Directions for this task: Repeat verbatim each line from the line with "Stacker Linde D12SP: foto 8" to the end of the entries. Pictures do not belong in the copy.

BEGIN Data for analysis

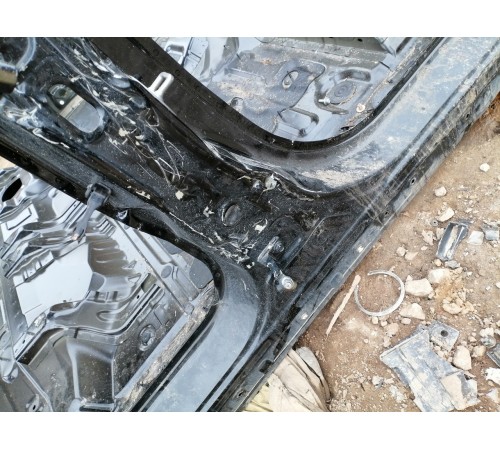 Порог с центральной стойкой правый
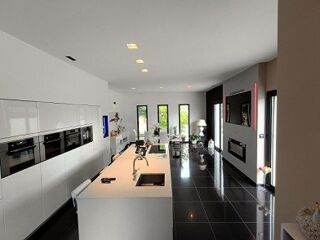  Maison � vendre 4 pi�ces 196 m�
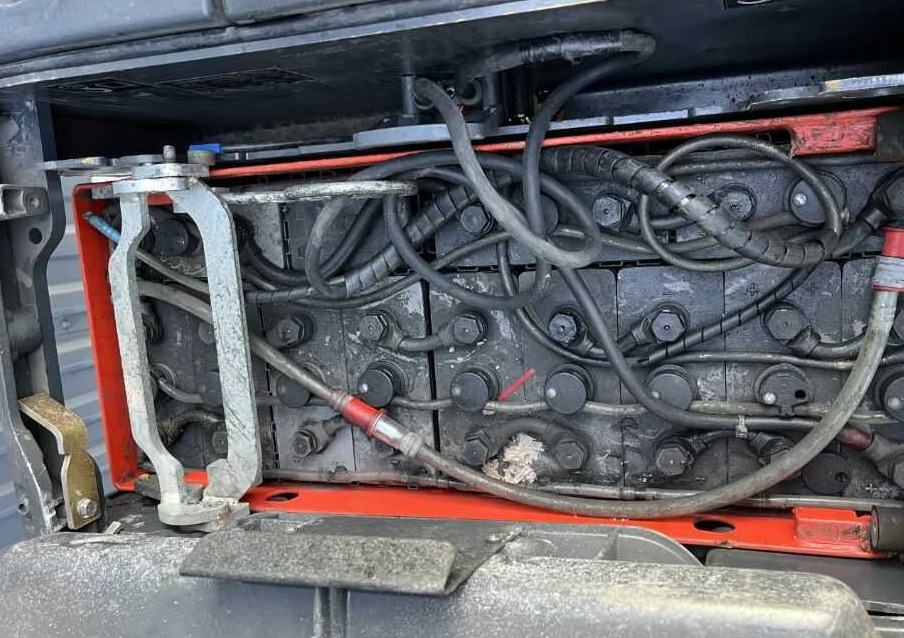 Stacker Linde D12SP: foto 8
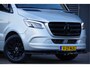 Mercedes-Benz Sprinter 319 3.0 CDI V6 L2H1 AUT. LED, 3.5T TREKHAAK, LUCHTVERING, ADAPT. CRUISE, 360 CAMERA, MBUX 10'', STOELVERWARMING, STANDKACHEL, VOORRUIT VERWARMING, CLIMA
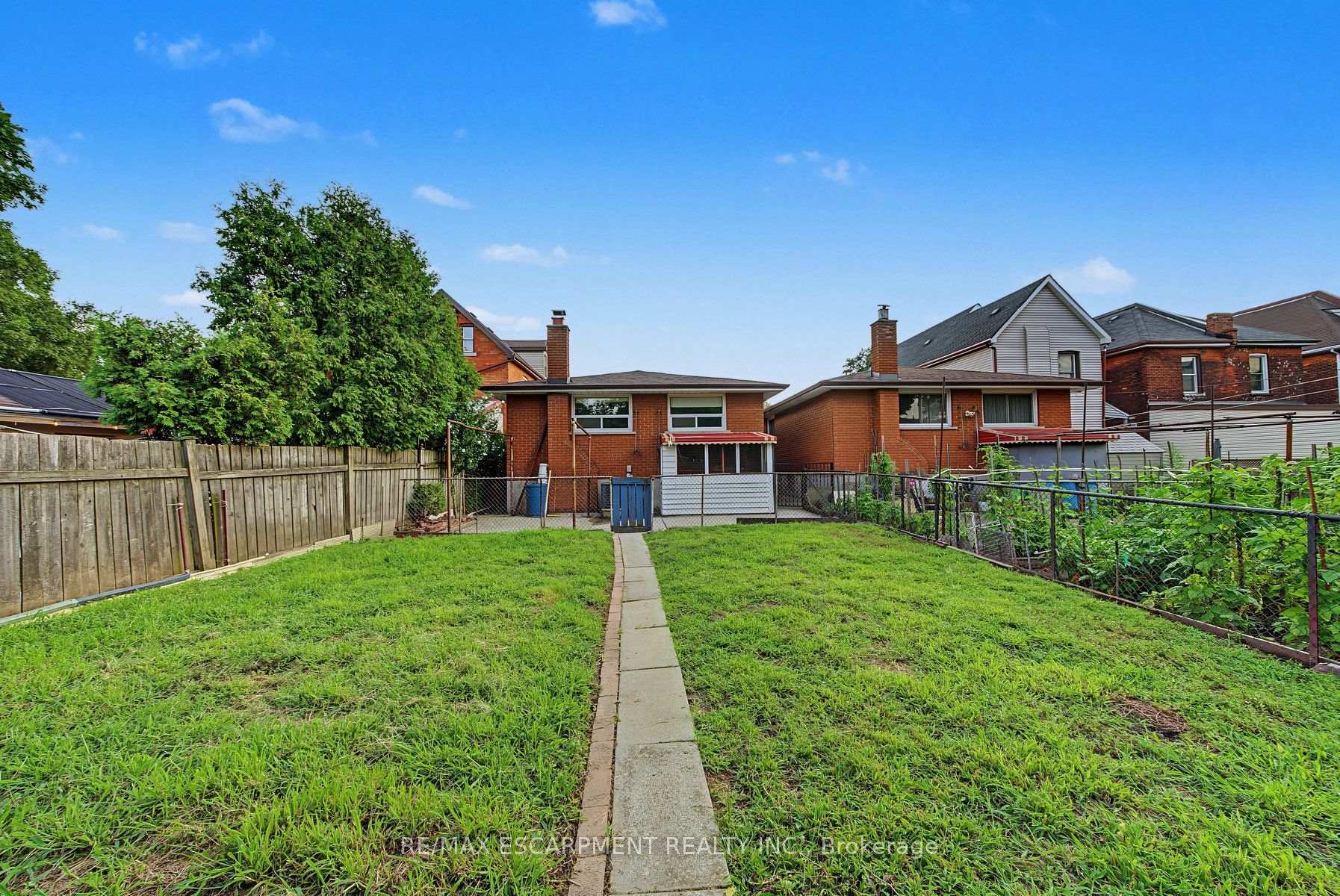 Photo 39 of 44 Tom Street, Hamilton, Strathcona — HOMEH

END Data for analysis

Written response:
 Stacker Linde D12SP: foto 8
 Mercedes-Benz Sprinter 319 3.0 CDI V6 L2H1 AUT. LED, 3.5T TREKHAAK, LUCHTVERING, ADAPT. CRUISE, 360 CAMERA, MBUX 10'', STOELVERWARMING, STANDKACHEL, VOORRUIT VERWARMING, CLIMA
 Photo 39 of 44 Tom Street, Hamilton, Strathcona — HOMEH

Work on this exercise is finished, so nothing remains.